Ces mesures s’appliquent dans les bois et forêts ainsi que dans un périmètre de 200 mètres autour, à compter du mardi 21 juillet 2026 à 12h. Pour tous les usagers, l’usage du feu est strictement interdit. Cela recouvre les feux de camp, barbecues, feux de Saint-Jean, lanternes… Interdiction également de fumer. Pour les particuliers, l’accès aux bois et forêts est interdit jour et nuit pour tous les véhicules motorisés (hors routes revêtues), ainsi que de midi à minuit pour les modes de déplacement doux, y compris les piétons. Pour les entreprises de travaux forestiers, agriculteurs, gestionnaires et propriétaires, services publics et de secours, l’accès aux bois et forêts reste autorisé mais doit être limité au maximum. Les travaux forestiers ne sont possibles qu’avant midi. Pour les agriculteurs : les travaux sur les grandes cultures (récolte et pressage de la paille) sont autorisés jour et nuit. Le broyage et l’entretien mécanique de la végétation à moins de 200 mètres d’une forêt est interdit. Les autres travaux peuvent être réalisés à condition d’être muni d’un moyen d’alerte, d’un système de travail du sol et d’un moyen d’extinction adapté.
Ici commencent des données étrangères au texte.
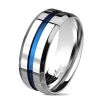Ring mit blauem Streifen und abgeschrägten Kanten Silber aus Edelstahl Herren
Enfin, hors usage agricole et travaux forestiers, tout usage d’un engin à moteur thermique comme électrique est interdit en dehors des habitations et des locaux des entreprises. « La plus grande prudence est indispensable afin de limiter tout départ de feu », rappelle le préfet de Maine-et-Loire. Aussi, il convient de respecter quelques consignes pour éviter tout départ de feu : Ne jetez jamais de mégot dans la nature ni par la fenêtre de votre véhicule ; N’allumez ni feu ni barbecue à proximité des zones boisées ou embroussaillées ; Réalisez vos travaux loin des pelouses et des herbes sèches et prévoyez une source d’eau à portée de main en prévention d’un éventuel départ de feu ; Respectez strictement les consignes des autorités et les éventuelles restrictions en vigueur. En cas de fumée ou de départ de feu, alertez immédiatement les secours (18 ou 112).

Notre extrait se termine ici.